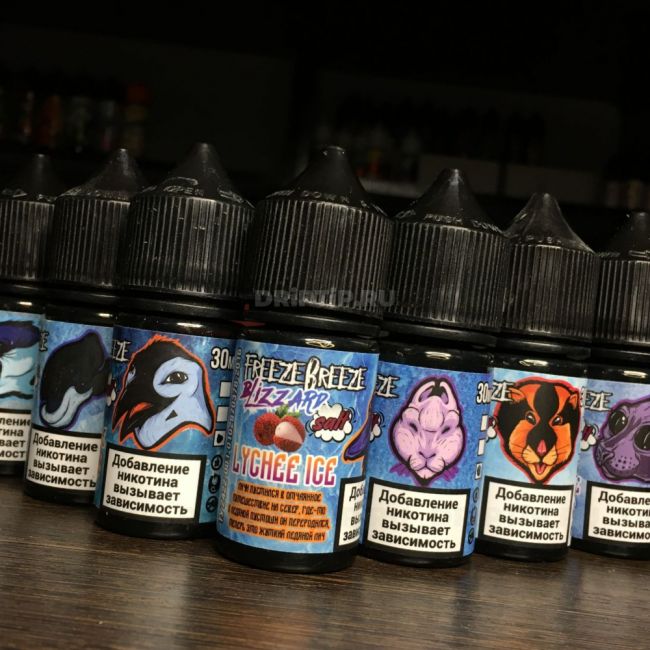 Freeze Breeze Blizzard Salt - Black Currant Ice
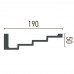 Карниз(молдинг) гибкий Caudi Decor P 886 Flexi (2.44м) купить в Одессе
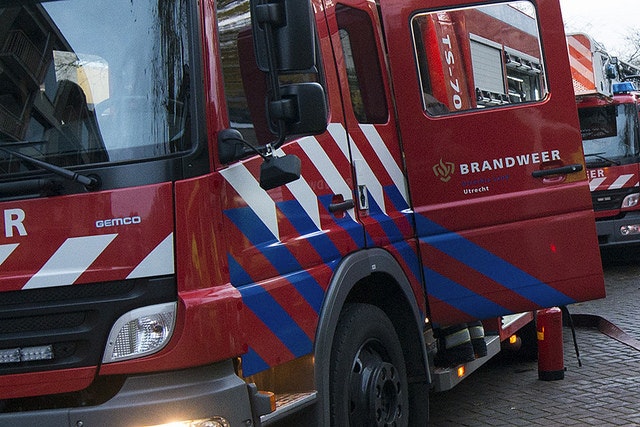 Uitslaande brand in studentenkamer op Ina Boudier Bakkerlaan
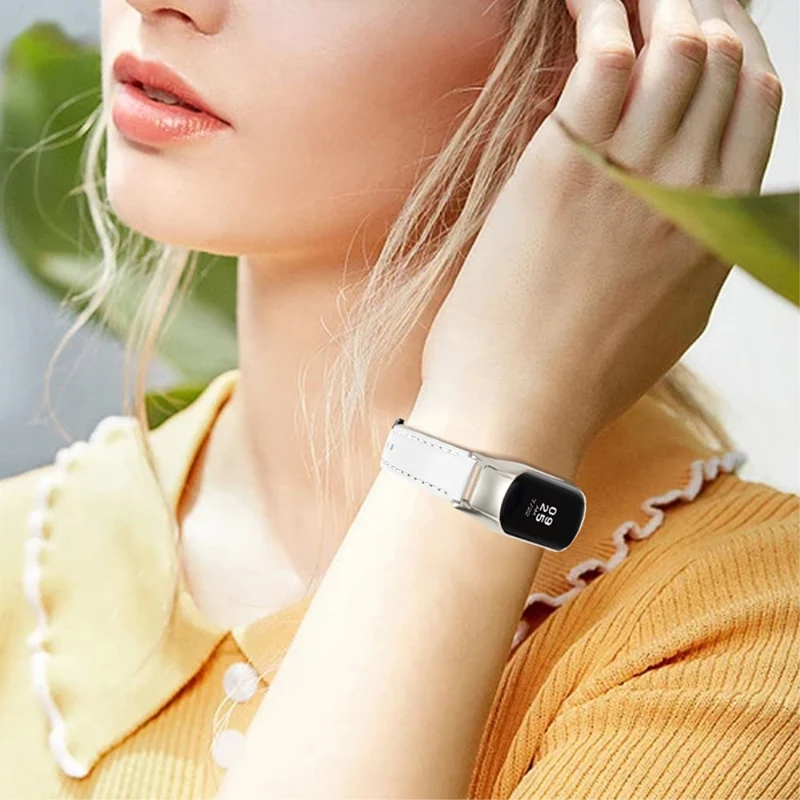 Mega zäh Xiaomi Mi Band 7 Echtes Leder armband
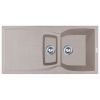 Кухонная мойка Adamant NEW LINE PLUS Avena 975x495x235 мм, с крылом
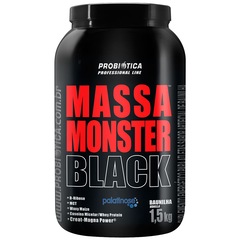 Hipercalórico Probiótica Massa Monster Black - Baunilha - 1,5Kg - Foto 1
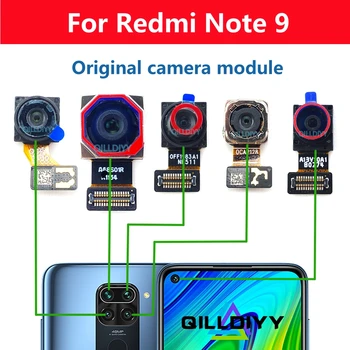 Оригинал Для Xiaomi Redmi Note 9 Note9 Задняя Камера Задняя Основная Широкая Передняя Глубина Обзора Селфи Модуль Макро Камеры Запчасти Гибкий Кабель 7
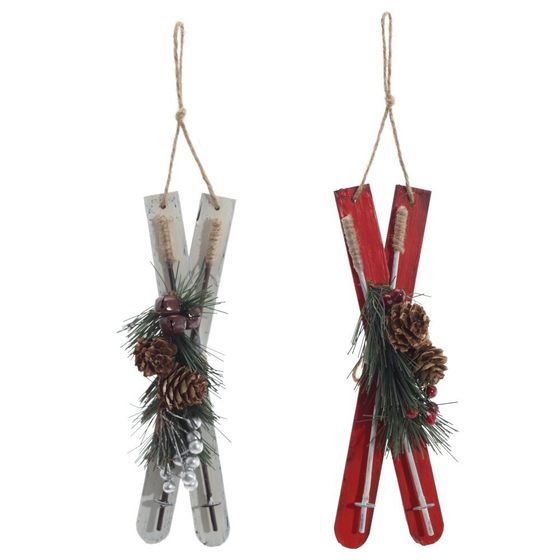 Изделие декоративное подвесное &quot;Лыжи&quot;, L6 W6 H20 см, 2в.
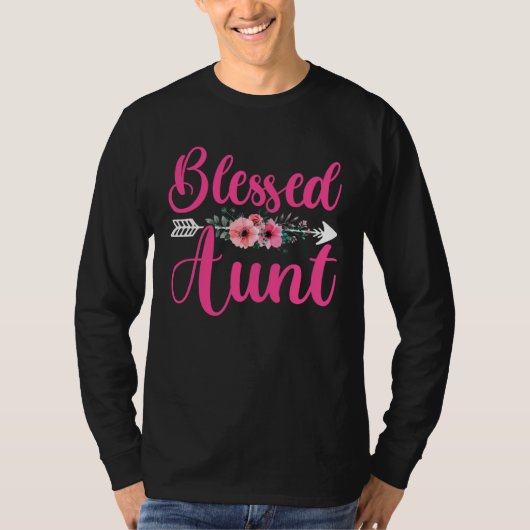 Blessed Aunt Mother s Day Blessed Auntie Sister M T-Shirt (Vorderseite)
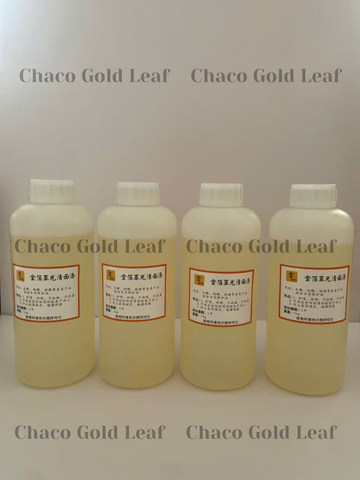 Phủ bảo vệ lá vàng Thủy Tinh gốc nước cao cấp phủ bóng dành cho dát vàng bảo vệ vàng chống xước chống xỉn màu an toàn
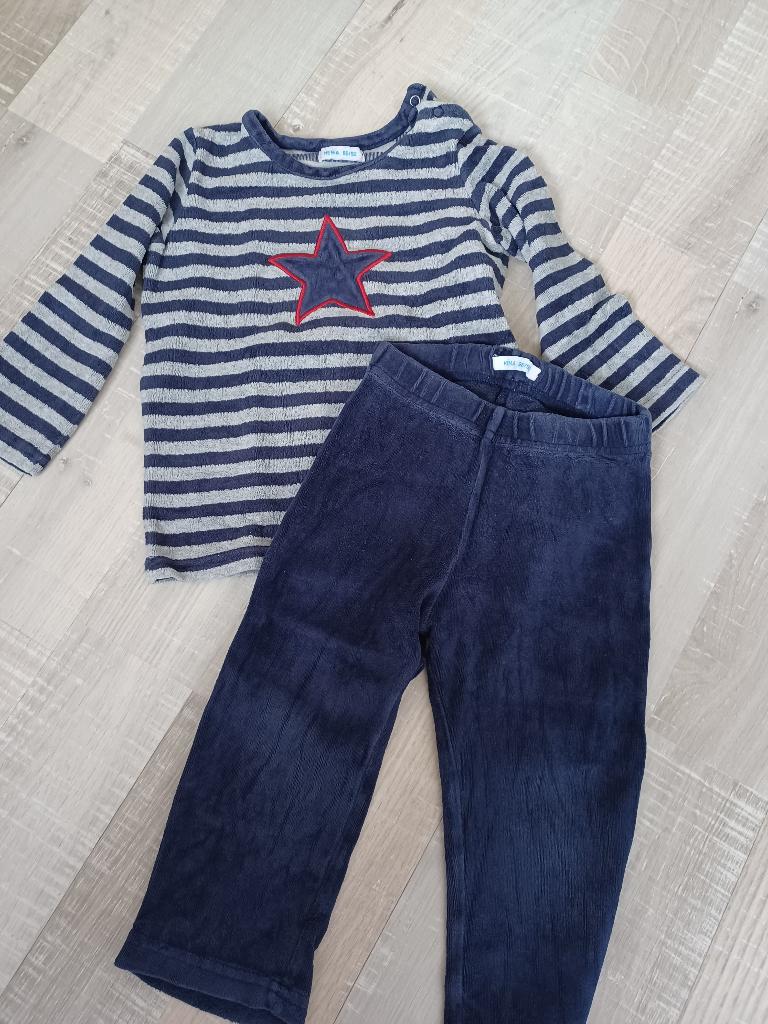 Stoere badstof pyama maat 86/92 Hema, Nacht- of Onderkleding, Gebruikt, Ophalen of Verzenden, Hema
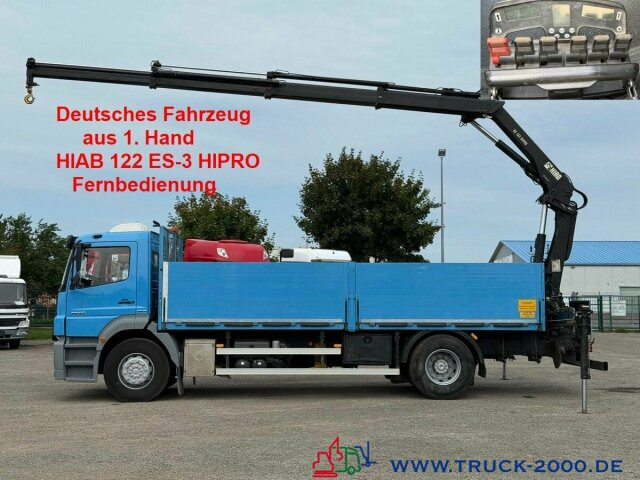 Mercedes-Benz Axor 1833 Hiab 122 ES-3 10m=1,2t. faltbar remote - Planbil, Kranbil: bilde 1 Mercedes-Benz Axor 1833 Hiab 122 ES-3 10m=1,2t. faltbar remote - Planbil, Kranbil: bilde 1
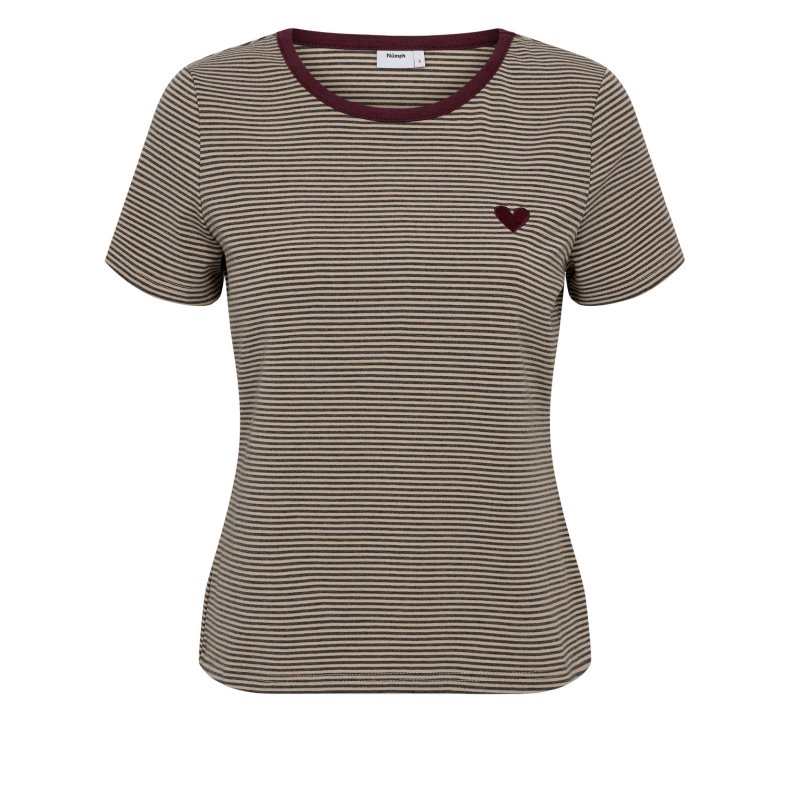 Nualexa t-shirt N�mph, silver mink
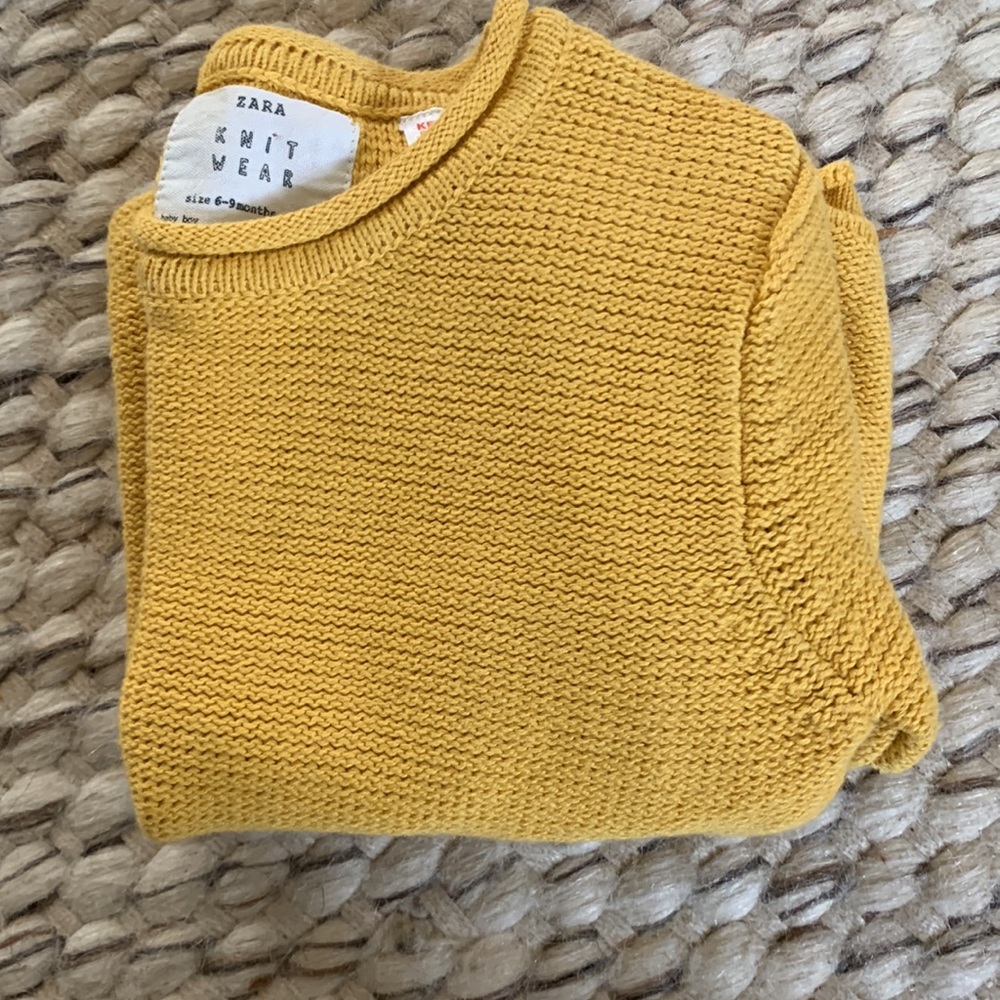 Zara Baby knit wear yellow sweater 6-9 months - Picture 4 of 4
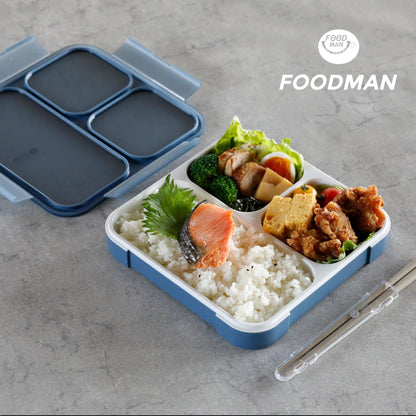 【セット】薄型弁当箱 抗菌フードマン800ml セット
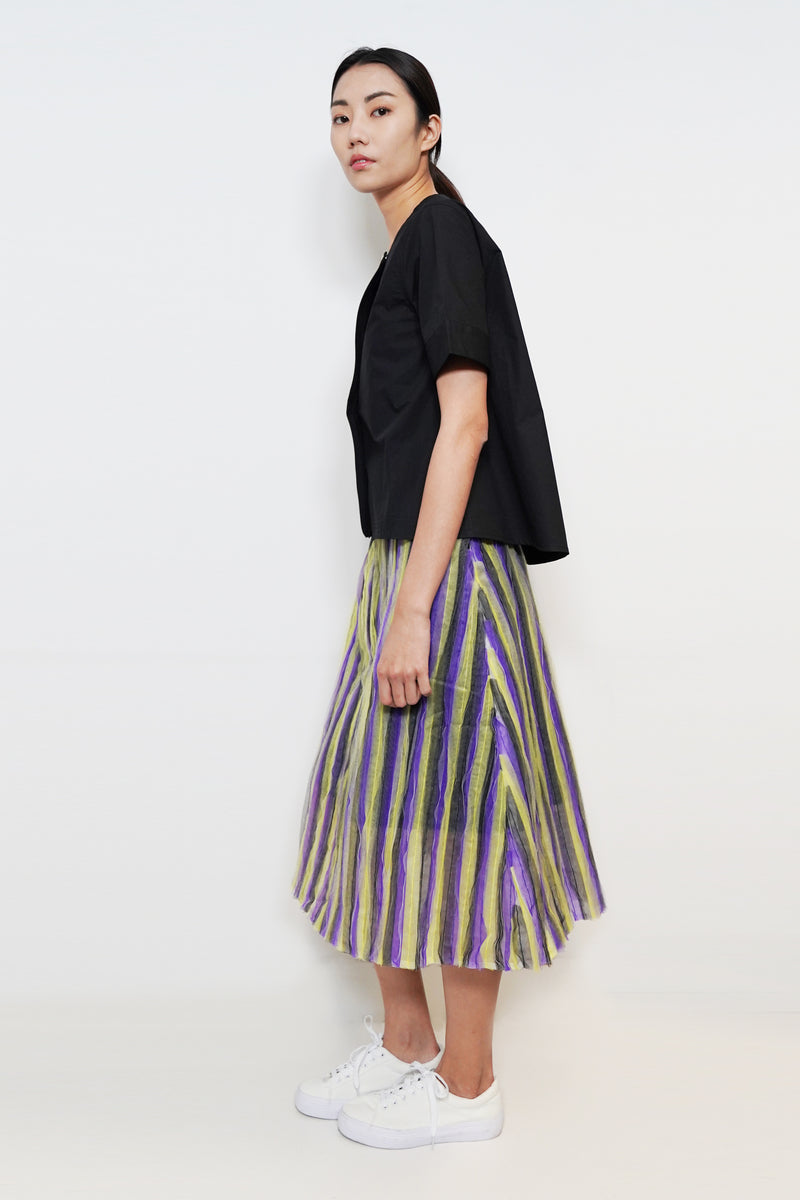 3D-Stripe Skirt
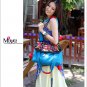 Miya SE-07 "Joy" Ethnic Hand-Beaded Embroidery Handmade Canvas Shoulder Tote Bag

_Problem statement_
In the copy, include each line from the start of the material through the line with "Кухонная мойка Adamant", word for word, but none of the pictures.

_Task result_
 Freeze Breeze Blizzard Salt - Black Currant Ice
 Карниз(молдинг) гибкий Caudi Decor P 886 Flexi (2.44м) купить в Одессе
 Uitslaande brand in studentenkamer op Ina Boudier Bakkerlaan
 Mega zäh Xiaomi Mi Band 7 Echtes Leder armband
 Кухонная мойка Adamant NEW LINE PLUS Avena 975x495x235 мм, с крылом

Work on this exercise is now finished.